17 Startling Facts about Global Employment and Foreign National Workers
As we mentioned in an earlier list of fascinating facts about I-9 compliance and immigration law, it’s a landscape that’s continually shifting – especially on the global front.
What are some of the data points one has to wrap one’s head around when considering the scope of global employment and the employment of foreign nationals in the U.S. or other job markets? Here are fifteen of them for you to take into account as you make your staffing plans, particularly in light of the potential implications of the 2020 the American elections.
- Foreign-born workers comprised 17.4% of the U.S. labor force in 2019.
- Foreign-born workers have experienced vast employment growth in high-skill occupations in the United States over the past 15 years.
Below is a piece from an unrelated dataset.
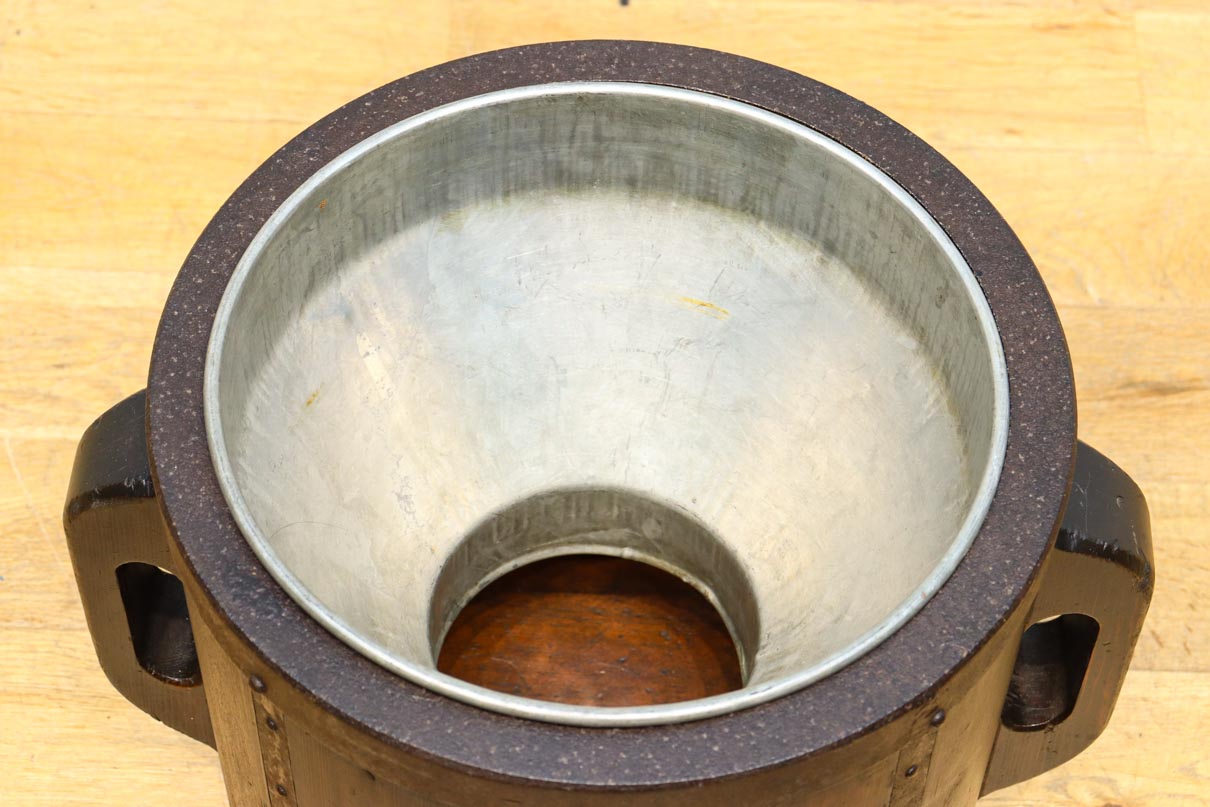 厚みのある持ち手で風格ある半斗升　DC7739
From 1995 – 2018, the share of foreign-born workers in jobs where fundamental skills (i.e. lawyers) are most important increased from 20% to 25%.
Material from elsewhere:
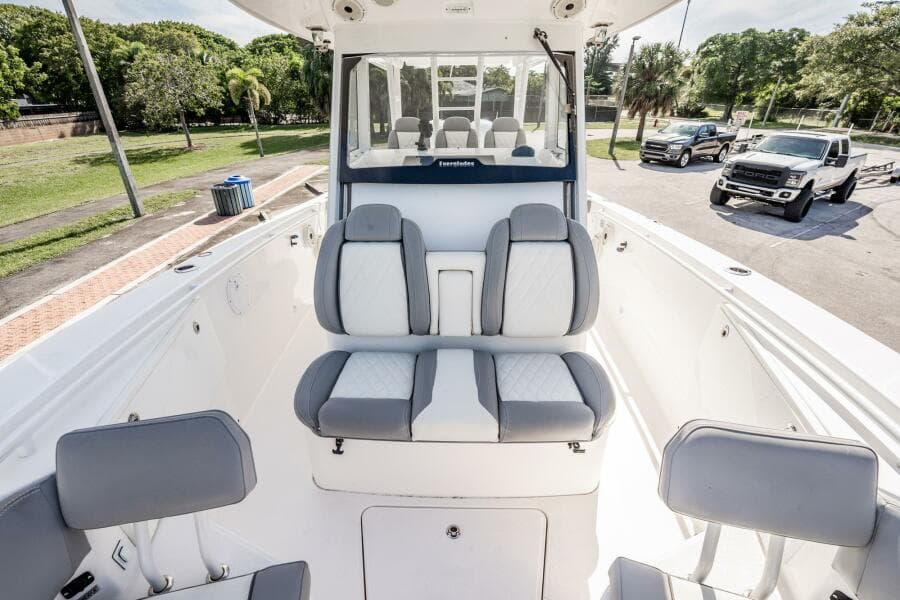 2021 Everglades 335 Center Console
- In jobs requiring social skills (i.e. nurses), it increased from 26% in 1995 to 30% in 2018.
- In high-analytical-skill jobs (i.e. engineers), the share increased from 19% to 24% over that period.
- The H-1B visa program allows businesses to temporarily employ foreign workers in speciality occupations in the U.S. Today, 65,000 qualifying foreign workers may be issued a visa or given H-1B status annually, with an additional 20,000 under the H-1B advanced degree exemption.
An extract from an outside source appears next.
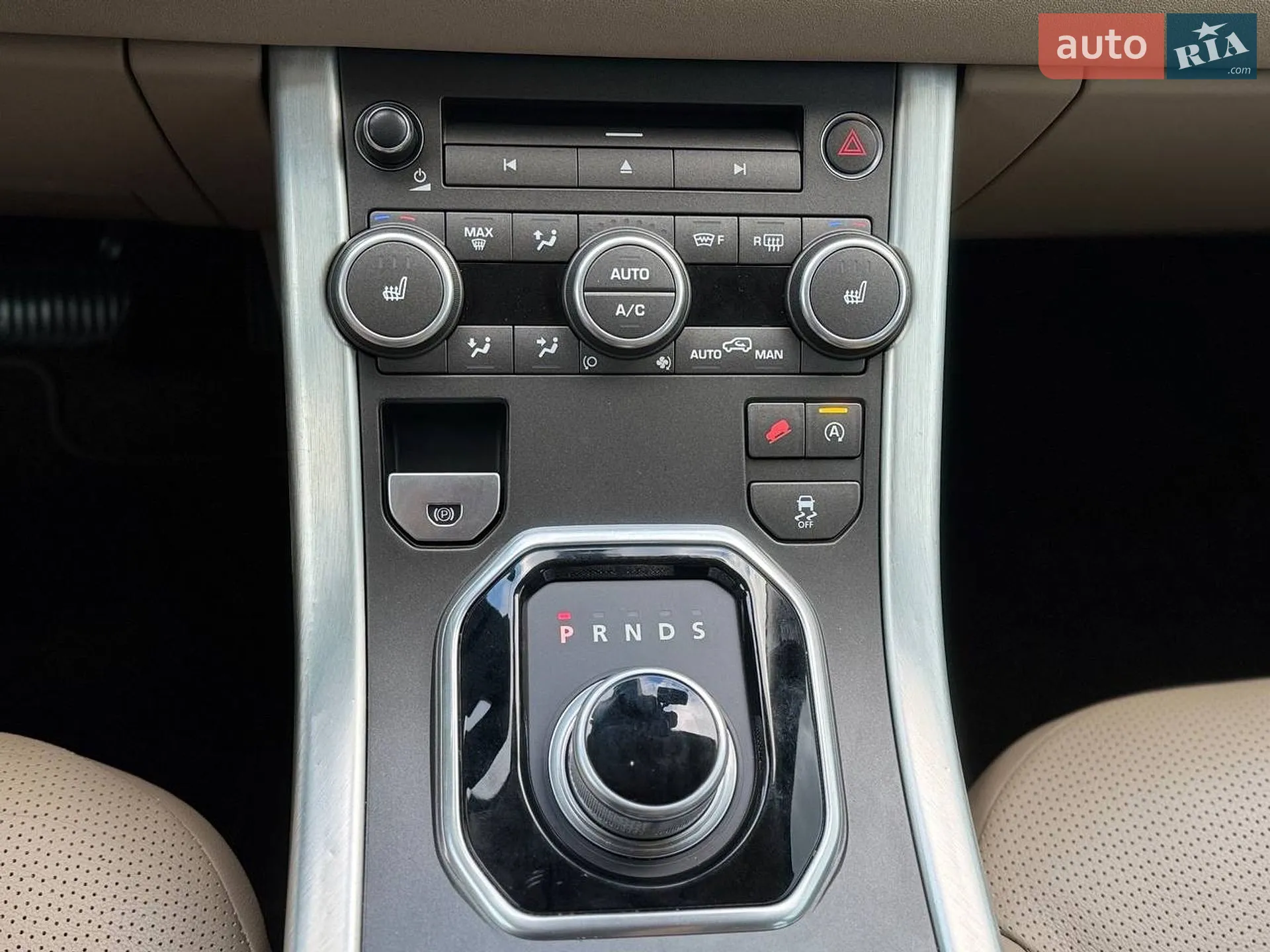 2016 Land Rover Range Rover Evoque - мініатюра 21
- 74% of employers stated the ability to obtain visas in a timely, predictable, and flexible manner as critical to their business’s viability and success.
- In 2020, 34% of employers stated “a lack of transparency” as a top problem they faced in the immigration process.
- Before petitioning to file a H-1B, employers must first file a Labor Condition Application (LCA) Form 9035 with the Department of Labor in a timely manner.
- Employers often make avoidable mistakes with H-1B visa applications that can jeopardize their workers, result in penalties, and prevent future filings. Common mistakes include:
- Incorrect data like employee name, rate of pay, or work locations
- Inaccurate job descriptions
- Mismatched company FEIN or tax ID number
- Filing at the incorrect service center
- Failure to correctly pay H-1B filing fees also hurts employers:
- An H-1B petition requires a submission of three filing fees.
- Additional fees apply for employers with more than 50 or and a workforce of more than 50% H-1B, L-1, or L-1B status.
- Each fee must be paid separately, or employers can incur fines.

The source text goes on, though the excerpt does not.